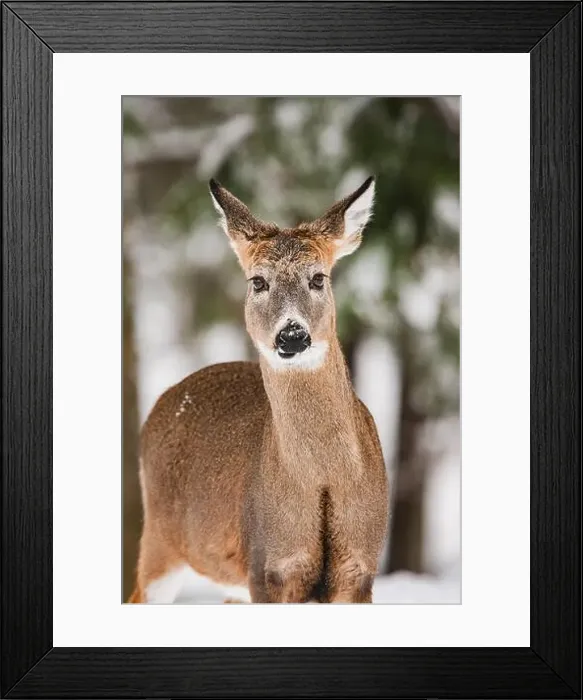 Framed Print : Portrait of an alert white-tailed deer Framed Print : Portrait of an alert white-tailed deer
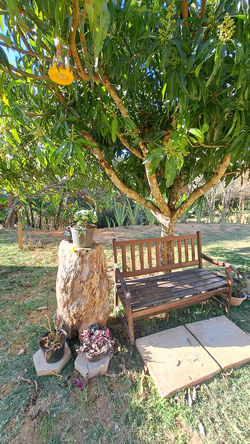 WhatsApp Image 2025-02-14 at 13.26.40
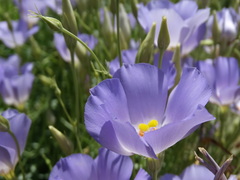 Eustoma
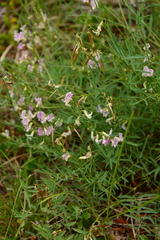 Astragalus miser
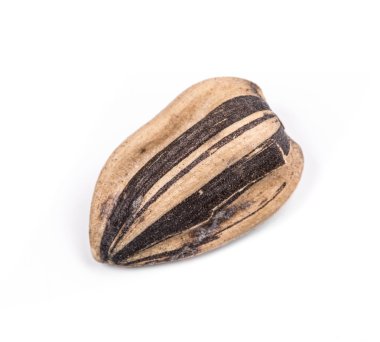 Açılan ayçiçeği tohumu yakın çekim.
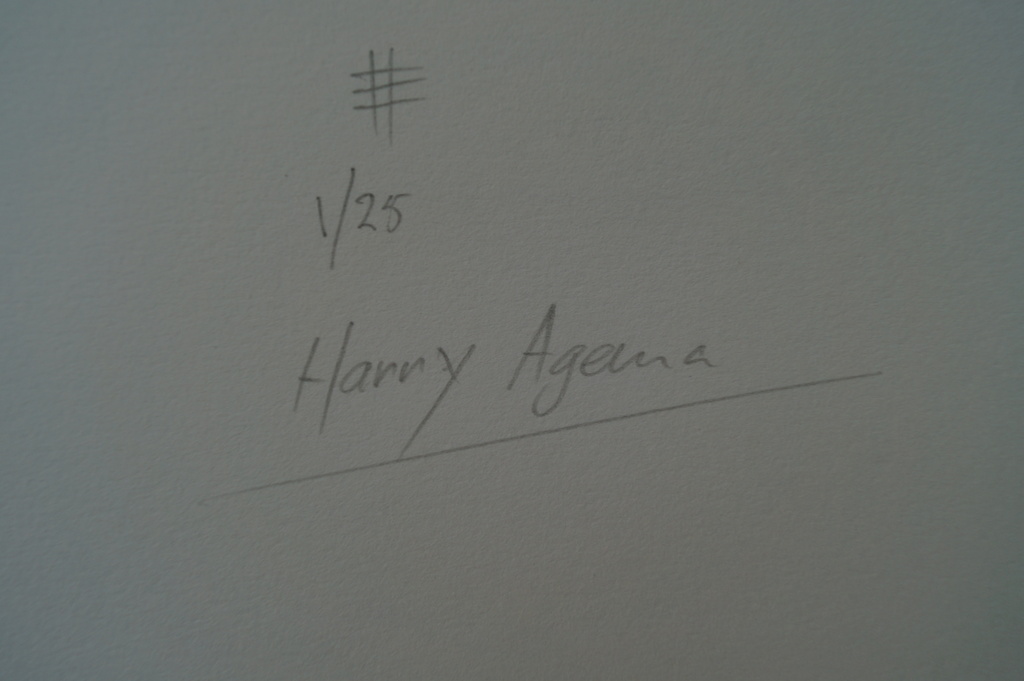 Harry Agema - gesigneerde zeefdruk - handlijn compositie kopen? Bied vanaf 15!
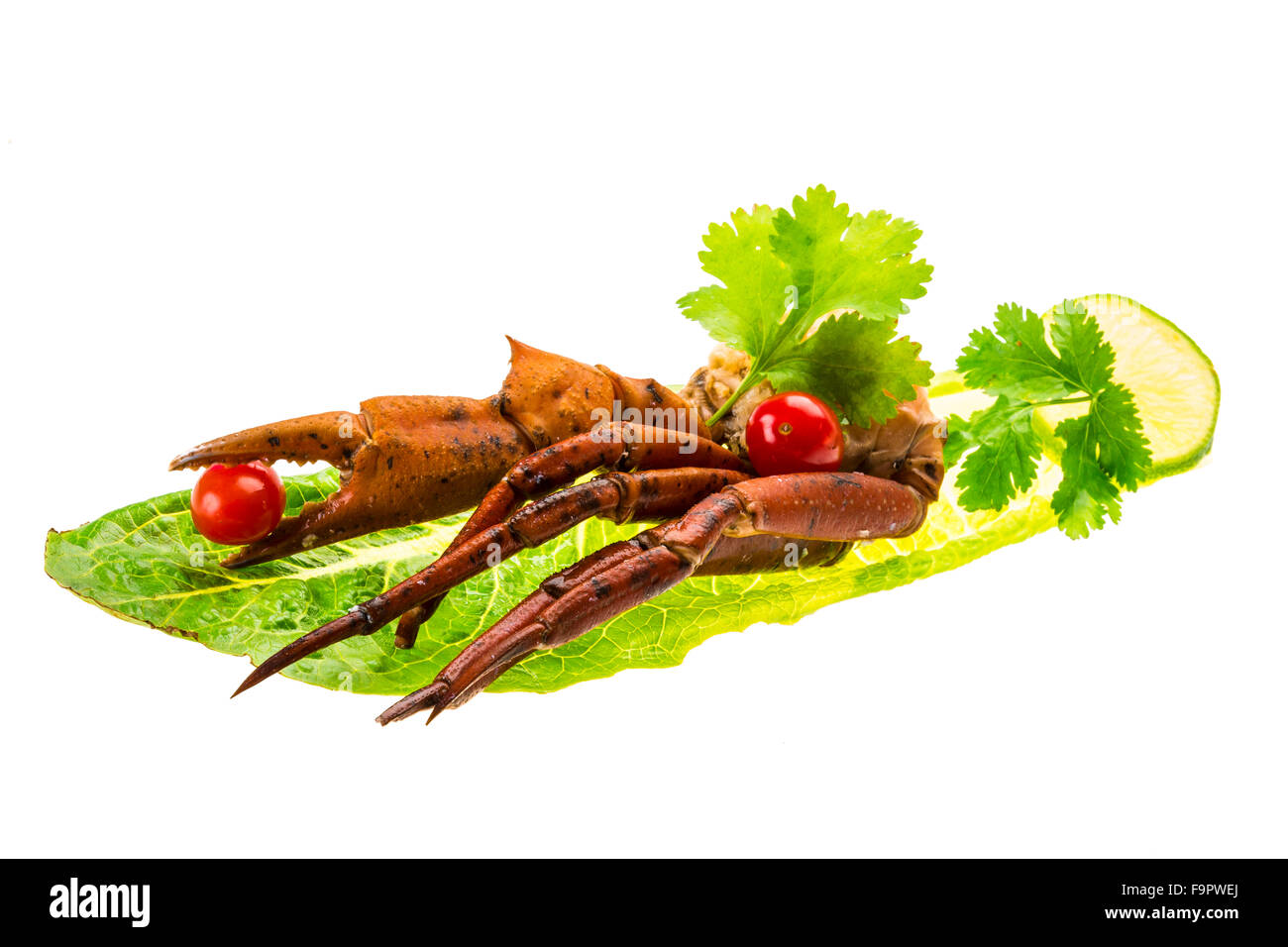 Crab legs studio macro shoot Stock Photo Alamy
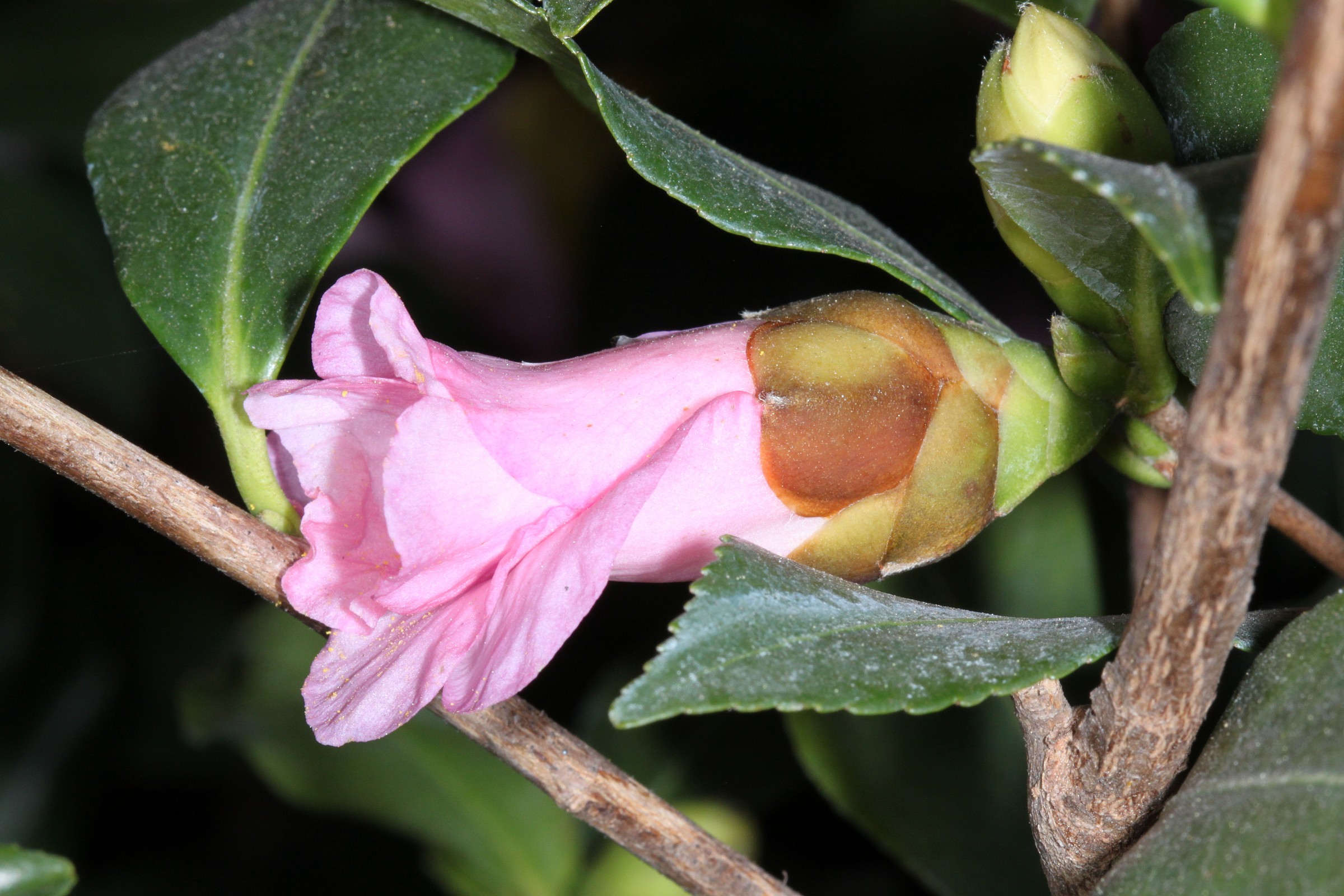 bud camellia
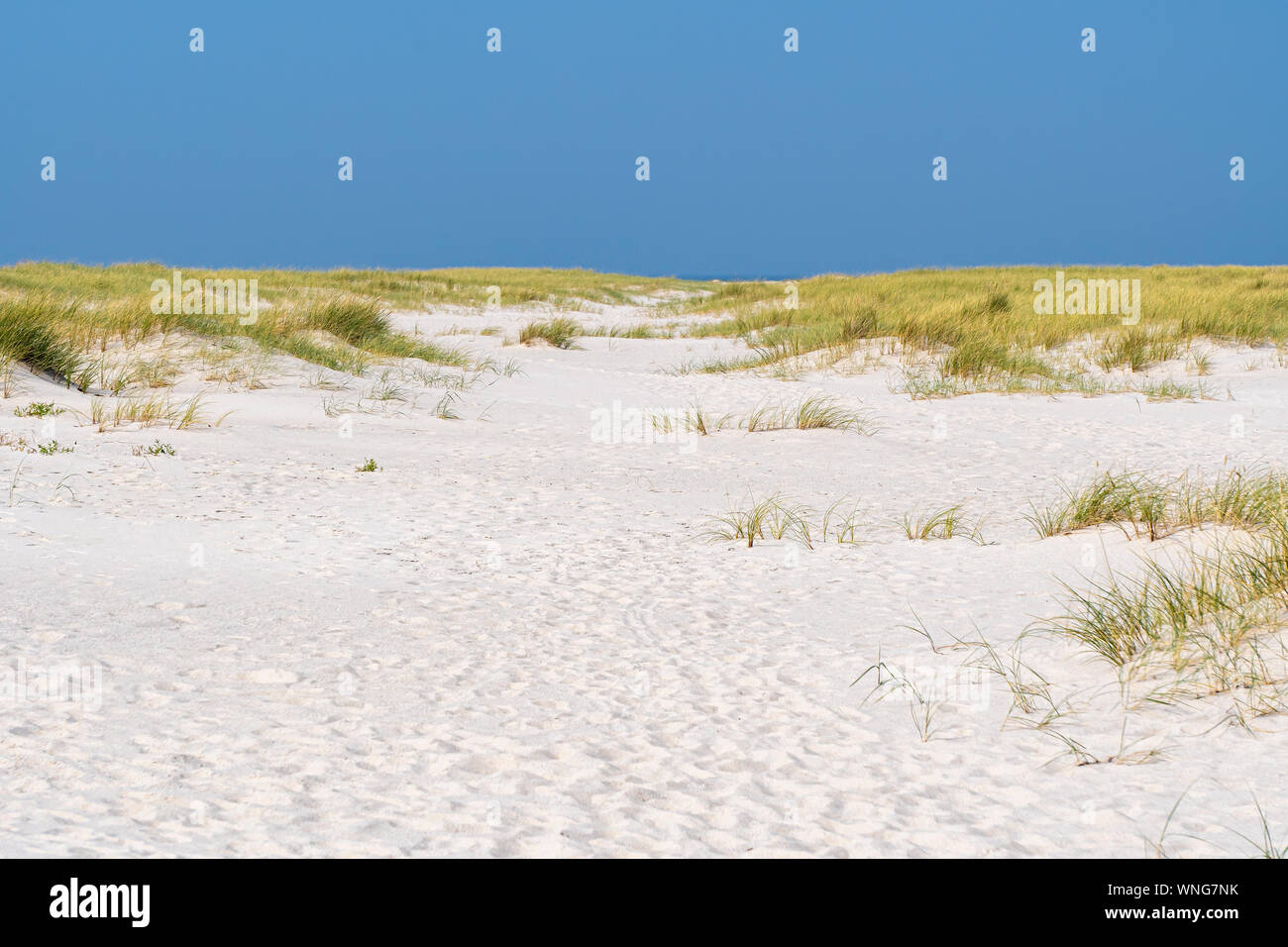 Dune sull'isola di Sylt, Germania Foto Stock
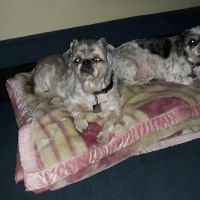 Petco ico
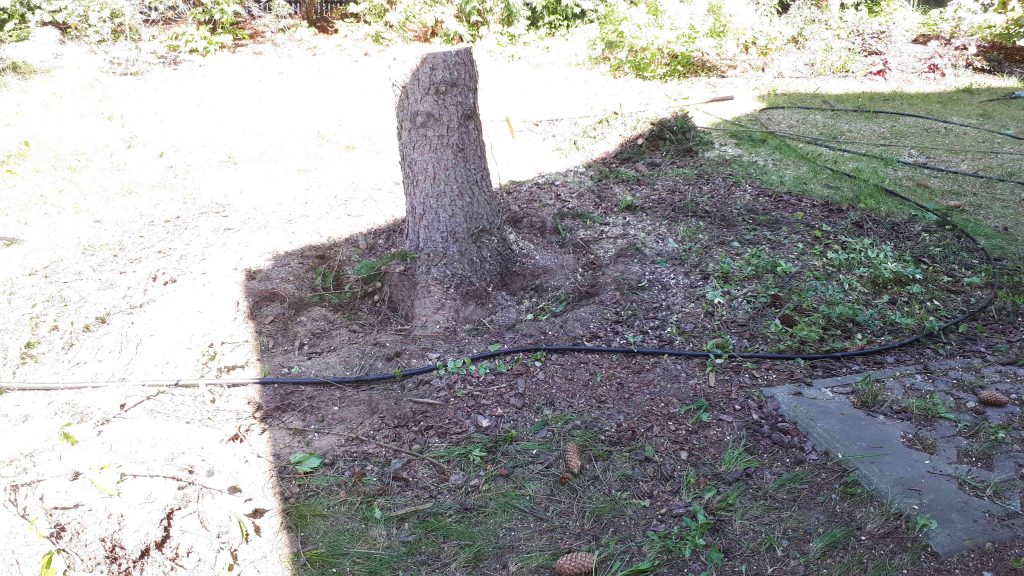 Jak zmierzyć się z wycinką drzew na posesji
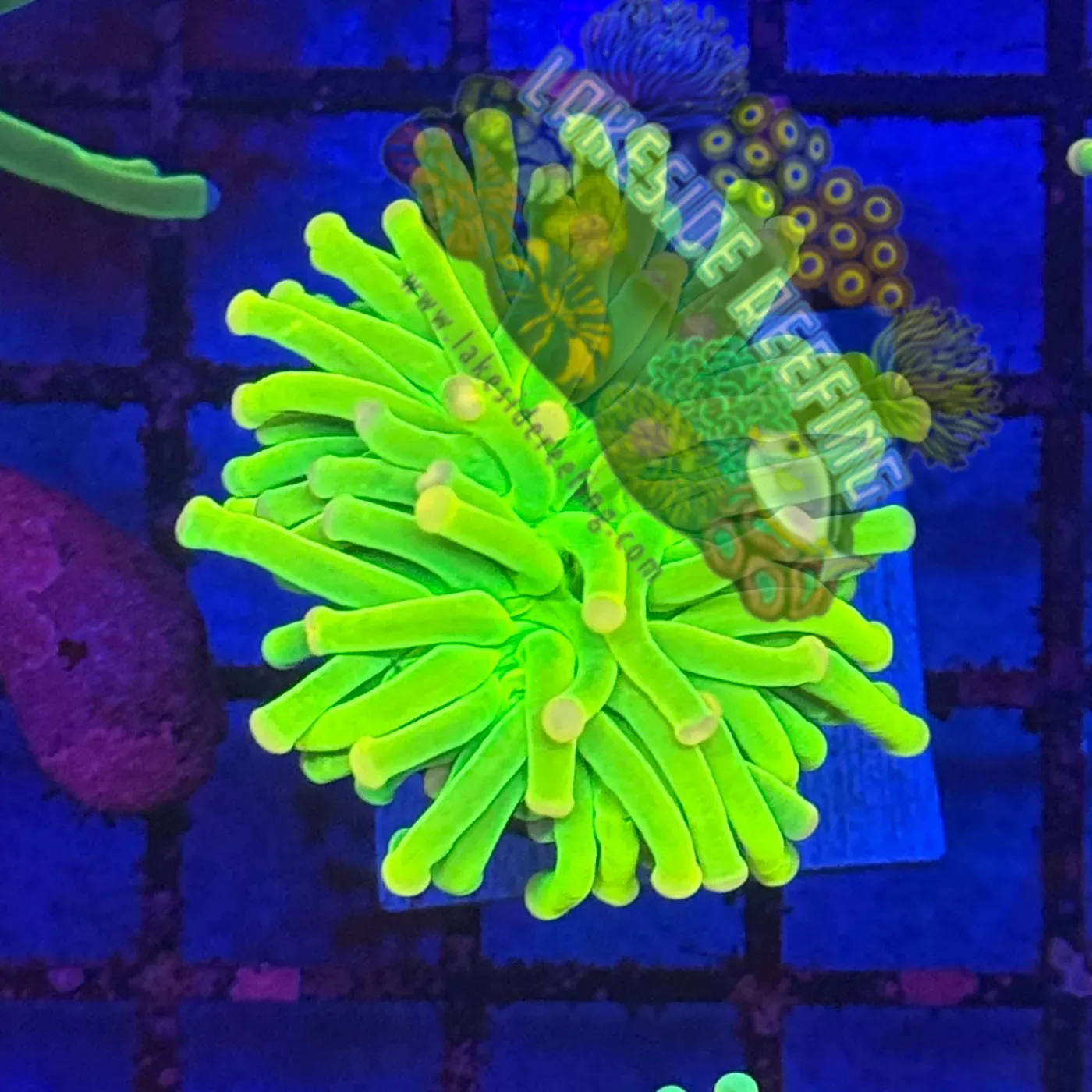 Malaysian Pink Tip Holy Grail R2A8 Lakeside Reefing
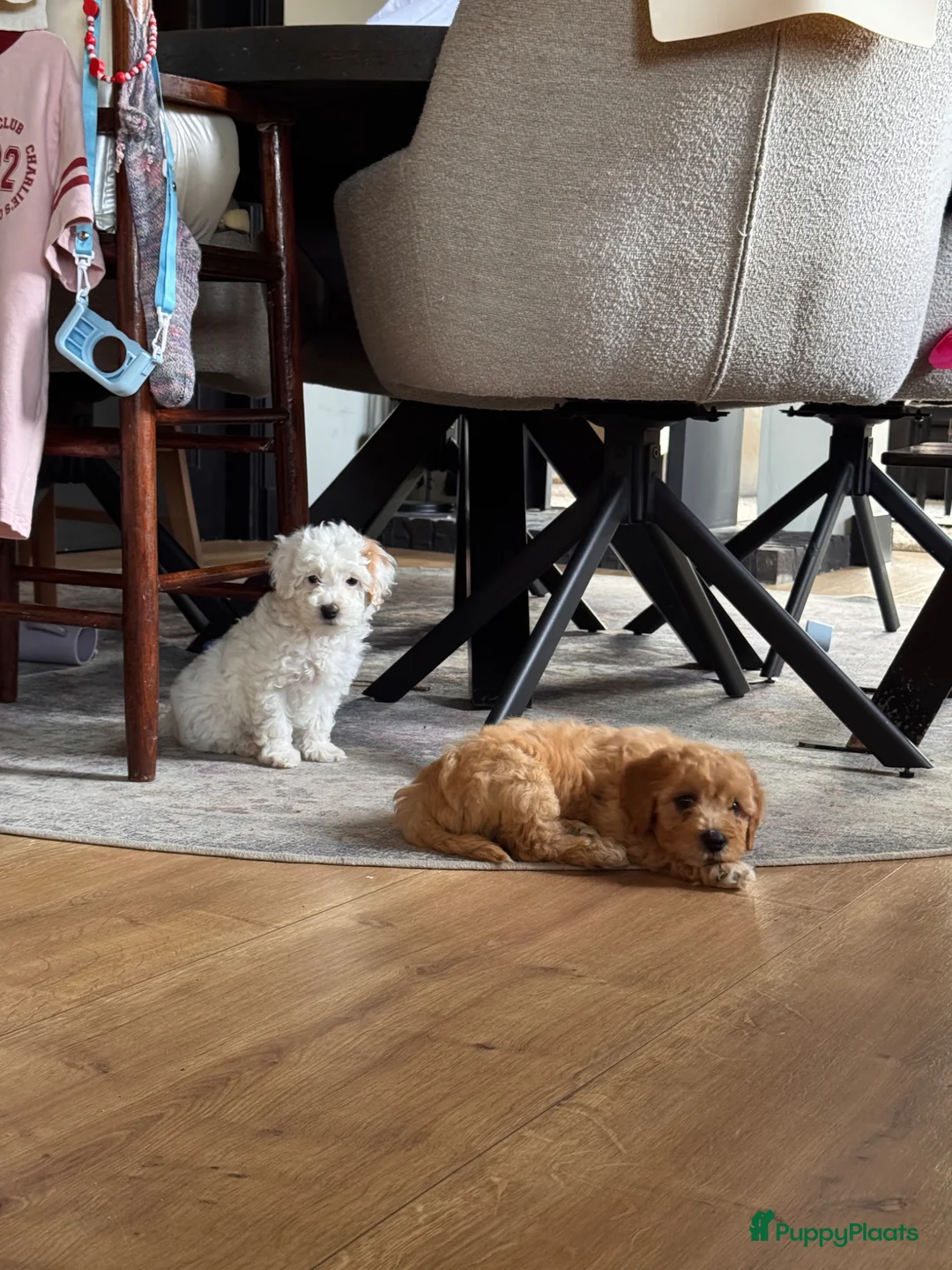 Kruising honden te koop: Labradoodle pups mini - Advertentie 1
■ ■ ■ ■ ■ ■ ■
* _TASK OBJECTIVE_
With the pictures excluded, the records are to be reproduced exactly.

* _RESPONSE AREA_
 Framed Print : Portrait of an alert white-tailed deer Framed Print : Portrait of an alert white-tailed deer
 WhatsApp Image 2025-02-14 at 13.26.40
 Eustoma
 Astragalus miser
 Açılan ayçiçeği tohumu yakın çekim.
 Harry Agema - gesigneerde zeefdruk - handlijn compositie kopen? Bied vanaf 15!
 Crab legs studio macro shoot Stock Photo Alamy
 bud camellia
 Dune sull'isola di Sylt, Germania Foto Stock
 Petco ico
 Jak zmierzyć się z wycinką drzew na posesji
 Malaysian Pink Tip Holy Grail R2A8 Lakeside Reefing
 Kruising honden te koop: Labradoodle pups mini - Advertentie 1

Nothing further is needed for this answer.